The Center archives an extensive body of data from throughout the USA and internationally. Currently this archive includes 22 data sets from different samples throughout the USA, including data on most of the major American ethnic groups (e.g., Blacks, Hispanics, Asian Americans, Native Americans, and White working class and middle class Americans). Additionally, the Center houses another 28 data sets from many nations including the former Czechoslovakia (where the Czech government adopted the PARQ and the PAQ for official research in that formerly socialist state), Korea, Mexico, India, Egypt, Puerto Rico, Newfoundland, Nigeria, Peru, Sweden, Turkey, St. Kitts, West Indies, and elsewhere. Finally, the Center acts as a repository for eight holocultural (i.e., cross-cultural survey) data sets on the antecedents, consequences, and correlates of parental acceptance and rejection.

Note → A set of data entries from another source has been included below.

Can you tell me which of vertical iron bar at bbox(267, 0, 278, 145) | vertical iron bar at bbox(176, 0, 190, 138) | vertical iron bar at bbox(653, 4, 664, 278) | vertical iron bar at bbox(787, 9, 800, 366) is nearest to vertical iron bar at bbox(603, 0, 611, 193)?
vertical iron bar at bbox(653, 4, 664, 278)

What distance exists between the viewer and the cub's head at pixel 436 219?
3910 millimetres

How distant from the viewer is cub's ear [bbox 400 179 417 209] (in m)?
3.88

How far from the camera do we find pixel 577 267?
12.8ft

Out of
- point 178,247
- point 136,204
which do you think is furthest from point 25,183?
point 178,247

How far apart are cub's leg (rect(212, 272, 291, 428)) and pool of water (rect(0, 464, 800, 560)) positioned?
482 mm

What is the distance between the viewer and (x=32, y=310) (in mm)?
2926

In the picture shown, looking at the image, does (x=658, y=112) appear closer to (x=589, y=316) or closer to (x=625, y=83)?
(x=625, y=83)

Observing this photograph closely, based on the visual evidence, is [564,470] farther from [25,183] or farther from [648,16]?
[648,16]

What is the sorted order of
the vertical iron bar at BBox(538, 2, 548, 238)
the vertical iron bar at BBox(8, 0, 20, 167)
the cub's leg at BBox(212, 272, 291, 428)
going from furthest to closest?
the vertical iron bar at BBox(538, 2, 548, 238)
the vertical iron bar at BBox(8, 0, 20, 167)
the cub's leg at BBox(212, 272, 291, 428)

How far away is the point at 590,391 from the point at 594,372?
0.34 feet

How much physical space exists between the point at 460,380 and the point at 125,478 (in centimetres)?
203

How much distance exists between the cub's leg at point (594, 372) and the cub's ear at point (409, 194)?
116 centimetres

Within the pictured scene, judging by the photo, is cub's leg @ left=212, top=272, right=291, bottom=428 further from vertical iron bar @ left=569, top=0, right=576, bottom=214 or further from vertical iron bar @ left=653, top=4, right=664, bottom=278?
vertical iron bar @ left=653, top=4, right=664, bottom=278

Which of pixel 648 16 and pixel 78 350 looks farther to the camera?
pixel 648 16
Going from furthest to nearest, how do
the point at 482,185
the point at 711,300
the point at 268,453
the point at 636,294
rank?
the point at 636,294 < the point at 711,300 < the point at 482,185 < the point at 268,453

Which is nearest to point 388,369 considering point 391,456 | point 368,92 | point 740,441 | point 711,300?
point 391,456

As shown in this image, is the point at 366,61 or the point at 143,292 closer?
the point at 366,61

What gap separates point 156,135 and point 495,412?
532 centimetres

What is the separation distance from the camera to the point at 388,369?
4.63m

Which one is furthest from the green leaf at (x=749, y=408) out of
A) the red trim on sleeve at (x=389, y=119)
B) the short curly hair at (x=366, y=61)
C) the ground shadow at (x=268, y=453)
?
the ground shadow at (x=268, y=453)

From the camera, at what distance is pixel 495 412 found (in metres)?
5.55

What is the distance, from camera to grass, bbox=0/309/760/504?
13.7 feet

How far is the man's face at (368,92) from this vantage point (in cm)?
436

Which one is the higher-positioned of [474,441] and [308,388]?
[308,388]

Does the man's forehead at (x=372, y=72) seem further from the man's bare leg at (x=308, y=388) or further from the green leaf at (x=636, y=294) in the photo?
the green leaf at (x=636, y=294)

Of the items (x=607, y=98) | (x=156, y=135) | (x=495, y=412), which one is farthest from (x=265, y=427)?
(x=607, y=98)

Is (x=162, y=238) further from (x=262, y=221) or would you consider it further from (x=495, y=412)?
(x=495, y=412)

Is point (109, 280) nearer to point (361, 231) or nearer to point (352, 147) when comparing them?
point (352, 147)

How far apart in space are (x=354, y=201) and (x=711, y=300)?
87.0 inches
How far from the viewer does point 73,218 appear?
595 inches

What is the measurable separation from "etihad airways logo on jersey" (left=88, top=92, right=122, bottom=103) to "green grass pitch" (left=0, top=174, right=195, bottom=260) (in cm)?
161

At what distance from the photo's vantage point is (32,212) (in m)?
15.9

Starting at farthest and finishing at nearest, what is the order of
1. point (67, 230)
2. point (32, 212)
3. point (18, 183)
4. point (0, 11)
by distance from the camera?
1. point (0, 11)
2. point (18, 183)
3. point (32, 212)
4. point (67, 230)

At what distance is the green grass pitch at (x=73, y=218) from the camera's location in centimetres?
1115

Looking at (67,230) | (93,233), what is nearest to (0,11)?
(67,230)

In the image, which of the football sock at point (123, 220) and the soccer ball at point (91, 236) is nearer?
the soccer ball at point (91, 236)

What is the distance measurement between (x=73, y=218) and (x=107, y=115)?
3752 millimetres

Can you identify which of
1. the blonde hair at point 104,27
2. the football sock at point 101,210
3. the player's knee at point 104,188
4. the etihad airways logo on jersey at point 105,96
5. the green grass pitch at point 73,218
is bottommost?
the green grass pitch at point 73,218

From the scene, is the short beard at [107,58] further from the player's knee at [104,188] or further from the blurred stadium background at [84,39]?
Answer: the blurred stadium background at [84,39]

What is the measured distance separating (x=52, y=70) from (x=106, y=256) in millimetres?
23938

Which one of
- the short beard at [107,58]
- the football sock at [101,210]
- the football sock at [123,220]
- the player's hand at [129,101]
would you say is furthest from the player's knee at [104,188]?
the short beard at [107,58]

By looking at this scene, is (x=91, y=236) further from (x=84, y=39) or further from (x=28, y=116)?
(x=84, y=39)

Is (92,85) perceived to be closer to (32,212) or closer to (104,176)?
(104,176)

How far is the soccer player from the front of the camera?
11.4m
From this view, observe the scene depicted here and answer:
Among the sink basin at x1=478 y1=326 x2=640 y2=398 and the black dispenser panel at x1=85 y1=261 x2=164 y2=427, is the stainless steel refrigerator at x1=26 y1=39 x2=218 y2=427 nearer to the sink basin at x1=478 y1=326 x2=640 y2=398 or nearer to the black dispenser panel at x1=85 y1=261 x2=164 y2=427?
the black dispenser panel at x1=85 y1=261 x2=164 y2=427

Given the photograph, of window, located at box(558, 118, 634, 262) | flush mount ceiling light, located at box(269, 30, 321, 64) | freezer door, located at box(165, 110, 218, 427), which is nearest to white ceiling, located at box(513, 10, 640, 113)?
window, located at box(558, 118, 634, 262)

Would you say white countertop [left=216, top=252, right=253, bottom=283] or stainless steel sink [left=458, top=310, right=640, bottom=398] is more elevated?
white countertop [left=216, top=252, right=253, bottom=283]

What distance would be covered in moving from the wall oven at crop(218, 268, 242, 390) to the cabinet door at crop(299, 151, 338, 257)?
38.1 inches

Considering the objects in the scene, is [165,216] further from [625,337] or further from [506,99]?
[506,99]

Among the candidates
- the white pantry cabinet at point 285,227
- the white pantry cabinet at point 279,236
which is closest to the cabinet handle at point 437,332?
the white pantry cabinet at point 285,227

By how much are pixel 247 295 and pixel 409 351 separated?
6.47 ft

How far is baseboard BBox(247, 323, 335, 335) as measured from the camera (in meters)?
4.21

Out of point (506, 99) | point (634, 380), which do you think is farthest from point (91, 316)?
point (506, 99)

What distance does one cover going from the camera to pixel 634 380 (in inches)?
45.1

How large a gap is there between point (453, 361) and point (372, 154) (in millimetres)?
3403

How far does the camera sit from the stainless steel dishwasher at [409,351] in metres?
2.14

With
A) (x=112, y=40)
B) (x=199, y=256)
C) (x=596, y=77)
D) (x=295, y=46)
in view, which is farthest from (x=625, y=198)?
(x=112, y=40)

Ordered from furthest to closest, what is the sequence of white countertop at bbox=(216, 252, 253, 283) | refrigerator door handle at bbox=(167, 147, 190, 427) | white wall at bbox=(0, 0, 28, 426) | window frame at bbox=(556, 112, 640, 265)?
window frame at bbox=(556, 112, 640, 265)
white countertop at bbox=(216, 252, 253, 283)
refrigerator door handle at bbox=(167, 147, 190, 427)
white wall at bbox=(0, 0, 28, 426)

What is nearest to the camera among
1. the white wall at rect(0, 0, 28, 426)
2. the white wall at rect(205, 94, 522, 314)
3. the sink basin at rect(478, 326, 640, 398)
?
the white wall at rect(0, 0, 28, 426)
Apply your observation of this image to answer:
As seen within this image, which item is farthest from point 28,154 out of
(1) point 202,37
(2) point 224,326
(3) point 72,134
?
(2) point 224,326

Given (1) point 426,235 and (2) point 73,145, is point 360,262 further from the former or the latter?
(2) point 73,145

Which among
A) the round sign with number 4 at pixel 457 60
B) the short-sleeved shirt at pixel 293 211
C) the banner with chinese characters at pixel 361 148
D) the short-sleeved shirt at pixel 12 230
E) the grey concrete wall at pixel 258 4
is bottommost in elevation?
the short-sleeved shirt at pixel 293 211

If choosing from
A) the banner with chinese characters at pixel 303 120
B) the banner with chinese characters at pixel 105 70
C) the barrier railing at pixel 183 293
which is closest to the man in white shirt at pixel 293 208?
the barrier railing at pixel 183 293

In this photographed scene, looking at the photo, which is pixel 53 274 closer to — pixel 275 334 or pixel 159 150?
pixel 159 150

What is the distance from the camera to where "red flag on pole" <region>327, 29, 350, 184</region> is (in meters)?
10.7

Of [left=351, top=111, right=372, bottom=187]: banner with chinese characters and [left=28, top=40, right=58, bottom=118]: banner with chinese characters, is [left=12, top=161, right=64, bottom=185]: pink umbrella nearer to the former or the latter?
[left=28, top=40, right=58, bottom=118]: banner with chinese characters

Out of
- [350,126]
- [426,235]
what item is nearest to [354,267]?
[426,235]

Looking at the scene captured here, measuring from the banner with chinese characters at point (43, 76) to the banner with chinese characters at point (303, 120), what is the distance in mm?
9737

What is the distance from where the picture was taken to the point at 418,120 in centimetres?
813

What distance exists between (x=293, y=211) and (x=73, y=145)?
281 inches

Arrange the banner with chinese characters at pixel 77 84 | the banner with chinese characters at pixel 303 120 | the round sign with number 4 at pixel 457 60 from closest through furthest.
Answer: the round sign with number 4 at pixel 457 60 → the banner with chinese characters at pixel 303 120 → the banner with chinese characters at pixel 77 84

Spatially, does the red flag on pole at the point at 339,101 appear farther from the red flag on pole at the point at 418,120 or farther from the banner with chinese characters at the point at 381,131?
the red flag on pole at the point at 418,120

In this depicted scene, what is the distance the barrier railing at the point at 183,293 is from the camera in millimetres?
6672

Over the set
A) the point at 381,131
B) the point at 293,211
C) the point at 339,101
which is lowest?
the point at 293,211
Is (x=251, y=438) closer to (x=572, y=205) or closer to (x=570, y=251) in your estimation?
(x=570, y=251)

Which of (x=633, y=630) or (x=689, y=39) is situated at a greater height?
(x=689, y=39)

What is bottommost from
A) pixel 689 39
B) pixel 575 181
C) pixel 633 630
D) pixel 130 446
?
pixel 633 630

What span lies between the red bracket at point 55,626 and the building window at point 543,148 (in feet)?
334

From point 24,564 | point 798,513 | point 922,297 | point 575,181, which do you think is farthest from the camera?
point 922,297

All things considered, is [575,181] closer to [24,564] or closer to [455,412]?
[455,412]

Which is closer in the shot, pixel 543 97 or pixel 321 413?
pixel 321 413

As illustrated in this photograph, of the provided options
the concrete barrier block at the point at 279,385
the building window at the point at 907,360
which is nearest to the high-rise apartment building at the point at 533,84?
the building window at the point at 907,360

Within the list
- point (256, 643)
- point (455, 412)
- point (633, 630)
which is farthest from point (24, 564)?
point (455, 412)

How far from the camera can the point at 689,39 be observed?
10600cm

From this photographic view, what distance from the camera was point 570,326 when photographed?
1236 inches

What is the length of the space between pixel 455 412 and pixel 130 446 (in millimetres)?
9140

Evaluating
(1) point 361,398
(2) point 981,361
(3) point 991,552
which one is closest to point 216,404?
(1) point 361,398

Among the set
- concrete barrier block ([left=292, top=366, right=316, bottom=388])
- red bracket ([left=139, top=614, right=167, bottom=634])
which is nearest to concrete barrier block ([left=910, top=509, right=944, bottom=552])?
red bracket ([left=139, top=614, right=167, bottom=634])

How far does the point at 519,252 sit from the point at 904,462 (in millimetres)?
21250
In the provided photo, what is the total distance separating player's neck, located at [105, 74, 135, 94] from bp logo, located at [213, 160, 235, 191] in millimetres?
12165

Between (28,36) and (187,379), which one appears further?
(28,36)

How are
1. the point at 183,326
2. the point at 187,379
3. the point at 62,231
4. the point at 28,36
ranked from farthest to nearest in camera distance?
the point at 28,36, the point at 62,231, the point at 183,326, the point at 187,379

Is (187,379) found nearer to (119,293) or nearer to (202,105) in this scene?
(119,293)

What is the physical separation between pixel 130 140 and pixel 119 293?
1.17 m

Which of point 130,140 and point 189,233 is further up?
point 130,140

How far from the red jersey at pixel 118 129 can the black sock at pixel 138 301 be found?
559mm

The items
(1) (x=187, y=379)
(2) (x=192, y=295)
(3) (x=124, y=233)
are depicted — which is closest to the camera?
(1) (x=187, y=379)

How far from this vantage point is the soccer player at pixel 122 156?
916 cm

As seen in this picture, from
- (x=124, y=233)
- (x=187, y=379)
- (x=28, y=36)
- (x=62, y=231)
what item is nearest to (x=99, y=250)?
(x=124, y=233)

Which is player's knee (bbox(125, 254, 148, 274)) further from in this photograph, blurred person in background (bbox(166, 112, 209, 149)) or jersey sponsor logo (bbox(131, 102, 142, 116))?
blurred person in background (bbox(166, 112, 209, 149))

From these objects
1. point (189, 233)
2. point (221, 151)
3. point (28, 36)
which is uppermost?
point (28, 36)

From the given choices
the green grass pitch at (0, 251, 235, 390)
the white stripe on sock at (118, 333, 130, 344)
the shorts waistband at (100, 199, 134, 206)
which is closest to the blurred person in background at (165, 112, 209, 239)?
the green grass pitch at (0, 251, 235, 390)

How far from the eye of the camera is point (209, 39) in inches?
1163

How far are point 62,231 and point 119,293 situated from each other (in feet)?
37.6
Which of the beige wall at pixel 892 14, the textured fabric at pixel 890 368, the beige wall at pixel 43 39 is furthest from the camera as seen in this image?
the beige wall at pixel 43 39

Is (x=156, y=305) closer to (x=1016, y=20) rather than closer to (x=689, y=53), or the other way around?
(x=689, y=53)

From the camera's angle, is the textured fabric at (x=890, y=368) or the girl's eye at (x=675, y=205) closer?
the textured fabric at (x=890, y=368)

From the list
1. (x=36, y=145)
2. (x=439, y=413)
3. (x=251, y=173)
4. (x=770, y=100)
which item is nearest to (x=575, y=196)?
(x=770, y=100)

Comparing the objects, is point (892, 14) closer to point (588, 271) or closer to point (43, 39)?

Two of the instruments listed above (the PARQ and PAQ) were mandated by Federal Court order in 1993 to be used in all foster placement and adoption proceedings in the State of Connecticut. Moreover, the instruments have also been used in a variety of clinical-practice settings, parent education programs (e.g., the PARQ has been incorporated into Glendon Association's "Compassionate Childrearing Parent Education Program" in 30 States and Costa Rica, and into the Center for the Improvement of Child Caring's "Black Parenting Programs"), as well as for parent education program-evaluation protocols in many States and Provinces of Canada.

 

About the Director

Ronald P. Rohner, Ph.D., is a Fellow of the American Psychological Association, the American Psychological Society, and the American Anthropological Association . He is also a member of the National Council on Family Relations. He is former president of the Board of Directors of Natchaug Psychiatric Hospital, past President of the Society for Cross-Cultural Research, and has served on the Executive Council of the International Association for Cross-Cultural Psychology, as well as on the Board of Directors of the Connecticut Association for the Prevention of Child Abuse and Neglect. He was Professor of Anthropology at the University of Connecticut from 1964 through 1995. He was also a Senior Research Scientist at the Boys Town Center for the Study of Youth Development in Washington D.C. from 1975-1977.  During this time he authored nine books and more than 200 articles and other publications. He is now Professor Emeritus of Family Studies and Anthropology in the School of Family Studies at the University of Connecticut, Storrs. Here, he continues to act as Director of the Ronald and Nancy Rohner Center for the Study of Parental Acceptance and Rejection.